Methods#

The methods available for tsdate inference can be divided into discrete-time and continuous-time approaches. Both approaches iteratively propagate information between nodes to construct an approximation of the marginal posterior distribution for the age of each node, given the mutational information in the tree sequence. Discrete-time approaches approximate the posterior across a grid of discrete timepoints (e.g. assign a probability to each node being at each timepoint). Continuous-time approaches approximate the posterior by a continuous univariate distribution (e.g. a gamma distribution).

In tests, we find that the continuous-time variational_gamma approach is the most accurate. The discrete-time inside_outside approach is slightly less accurate, especially for older times, but is more numerically robust, and the discrete-time maximization approach is always stable but is the least accurate.

Changing the method is very simple:

import tskit
import tsdate

input_ts = tskit.load("data/basic_example.trees")
ts = tsdate.date(input_ts, method="variational_gamma", mutation_rate=1e-8)

Alternatively each method can be called directly as a separate function:

ts = tsdate.variational_gamma(input_ts, mutation_rate=1e-8)

Currently the default is inside_outside, but this may change in future releases.

Discrete-time#

The available discrete-time algorithms are the inside_outside and maximization methods.
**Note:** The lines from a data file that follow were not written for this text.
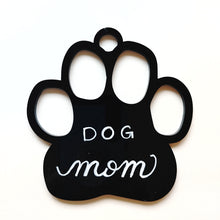 Load image into Gallery viewer, Black Acrylic Paw Ornaments
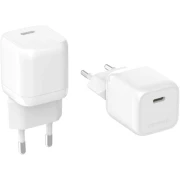 Vention Универсално зарядно за стена Charger Wall GaN - USB Type-C 30W White - FAKW0-EU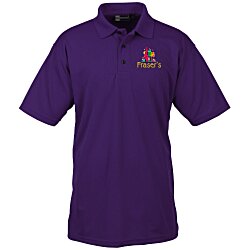 Moisture Management Polo with Stain Release - Men's - Full Color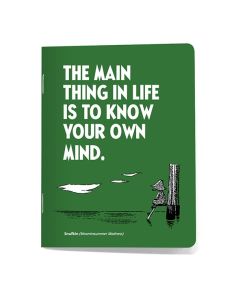 Pikkuvihko Putinki Muumi sitaatti - The main thing in life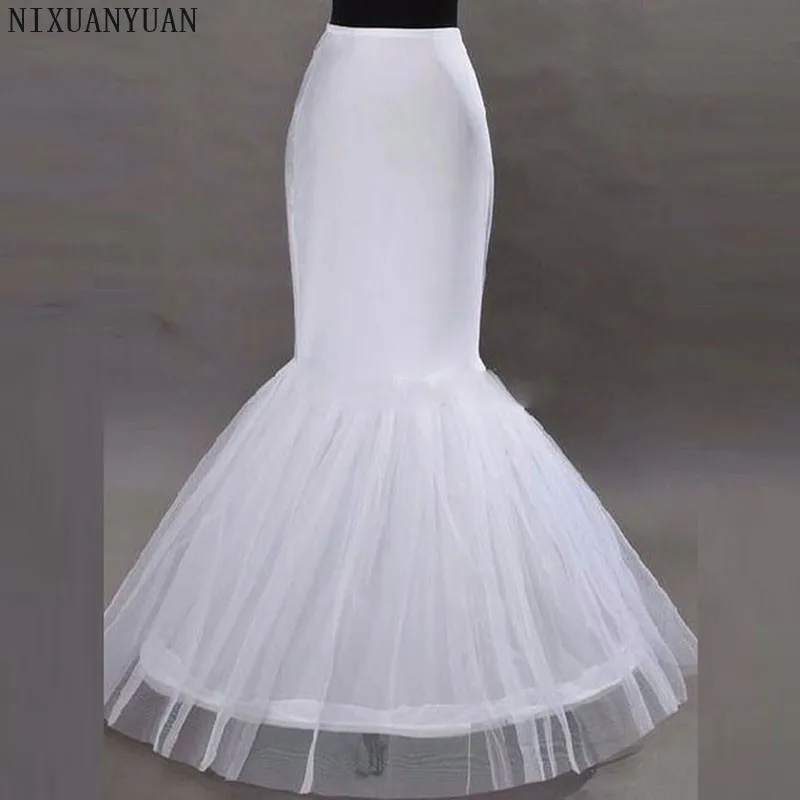 Nixuanyuan Hot Sale Mermaid Petticoat 1 Hoop Tulang Elastis Crinoline Terompet Hot Sale Pernikahan Aksesoris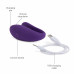 We-vibe | Вибратор для пар We-Vibe Unite 2 Purple, однокнопочный пульт ДУ. Цена 3 899 грн. Фото: 3
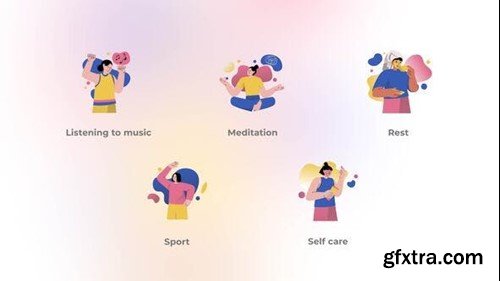 Videohive Self Care - Mental Health Concepts 49600880 Videohive Self Care - Mental Health Concepts 49600880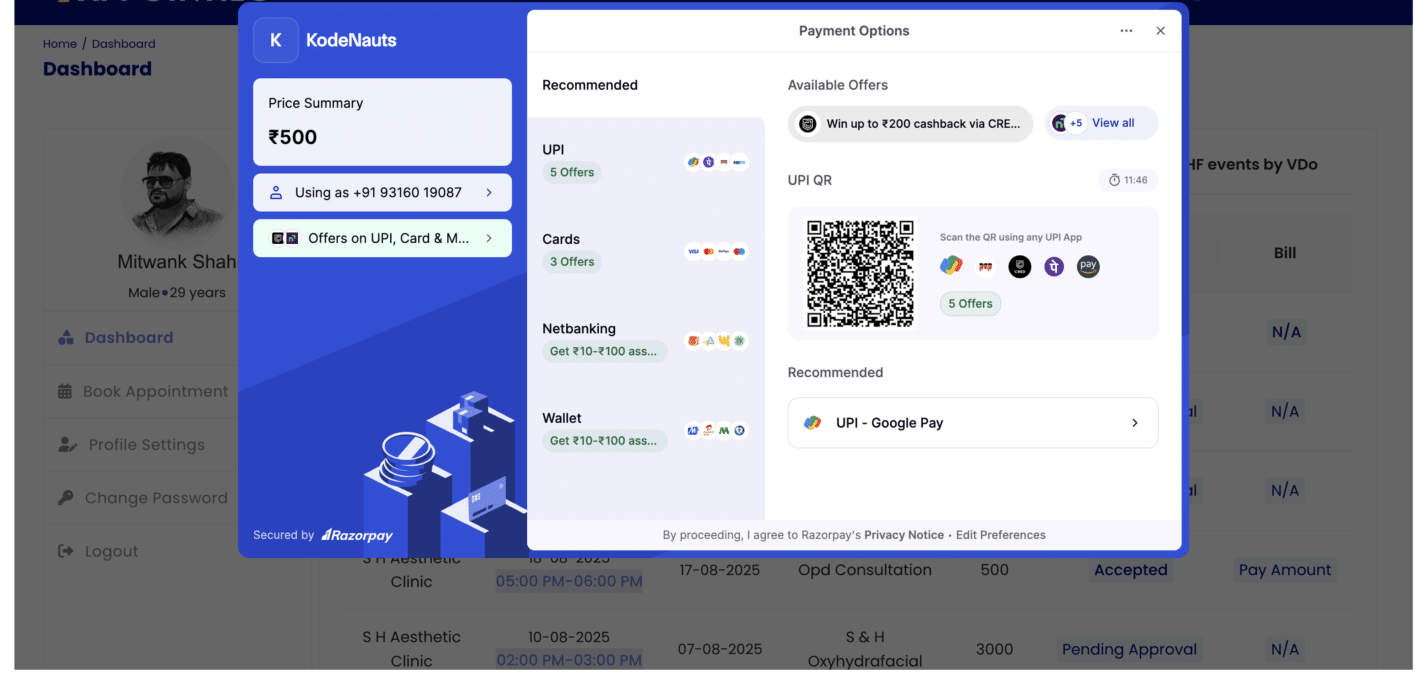 Payment Integration - Screen 1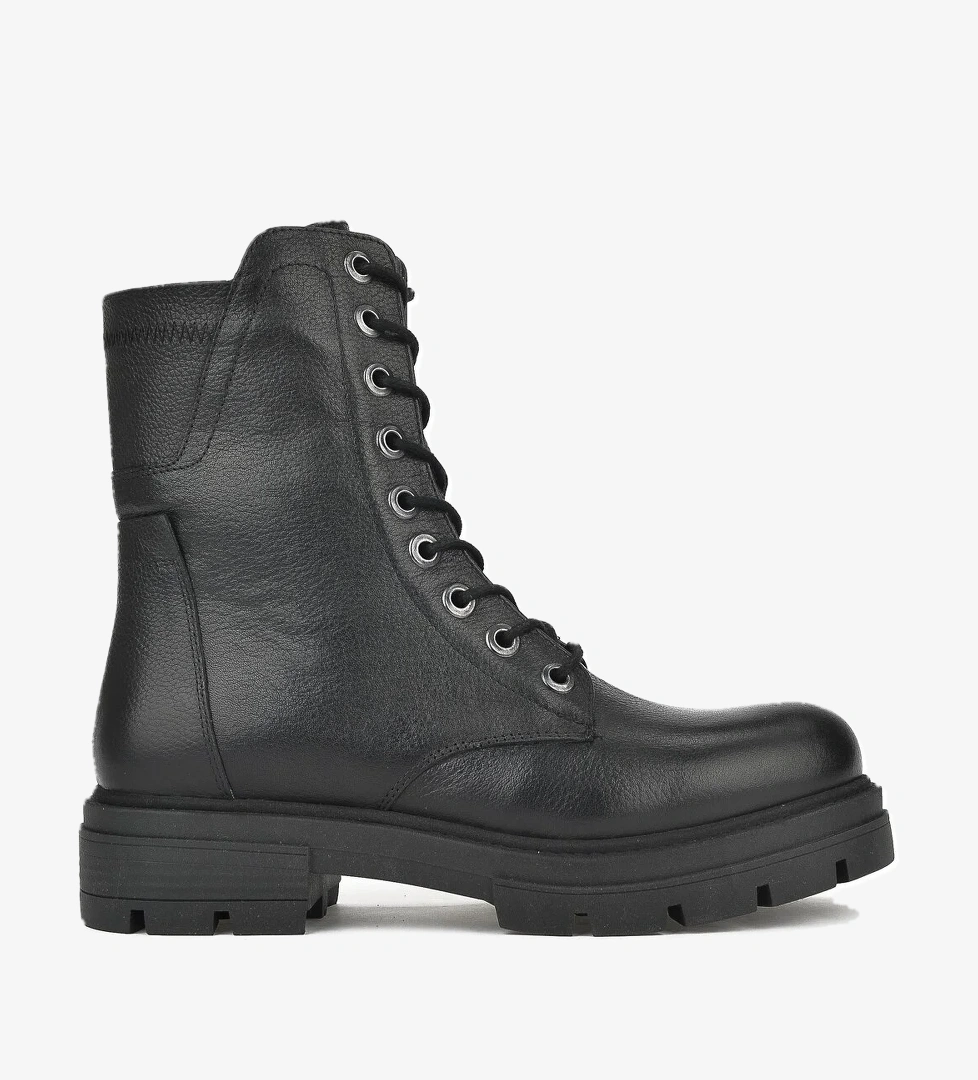 Ziya Kadın Hakiki Deri Bot 13319z66286 Kahve Siyah model görseli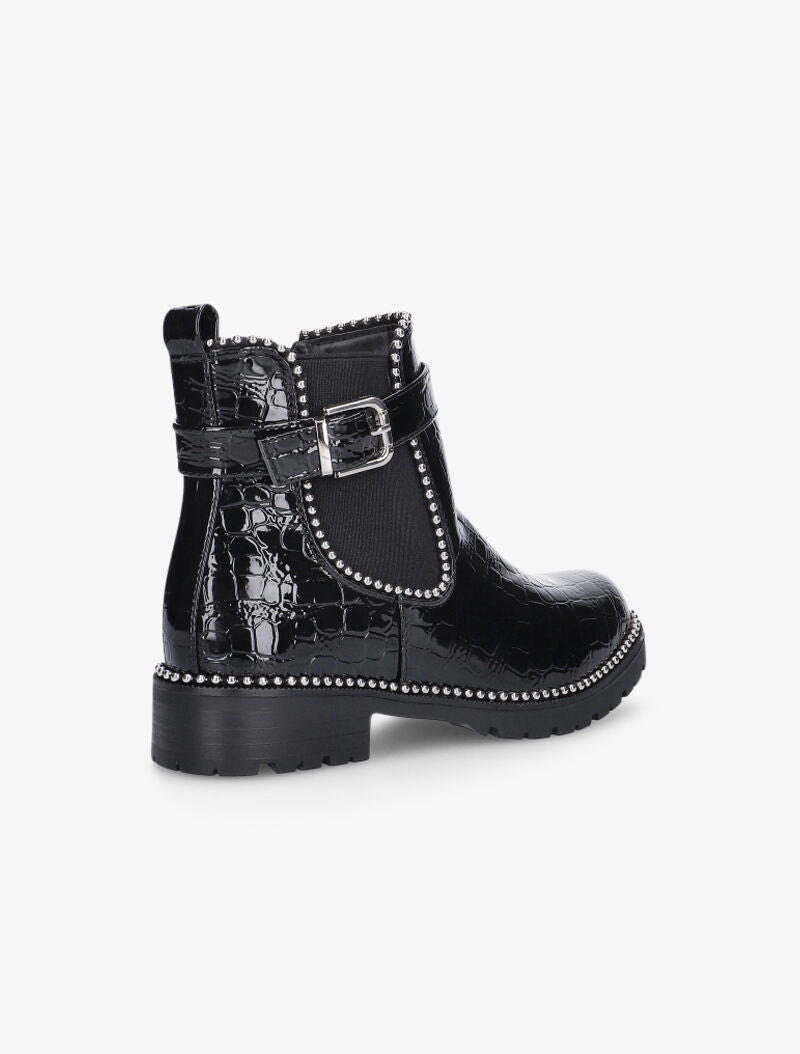 Bottines texturées à billes - noir - 5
They have the following advantages and disadvantages:

Pros

Methods allow any shape for the distributions of times

Currently require just a single upwards and downward pass through the edges

Cons

Choice of grid timepoints is somewhat arbitrary (but reasonable defaults are picked based on the conditional coalescent)

Inferred times are imprecise due to discretization: a denser timegrid can increase precision, but also increases computational cost (quadratic with number of timepoints)

In particular, the oldest/youngest nodes can suffer from poor dating, as time into the past is an unbounded value, but a single oldest/youngest timepoint must be chosen.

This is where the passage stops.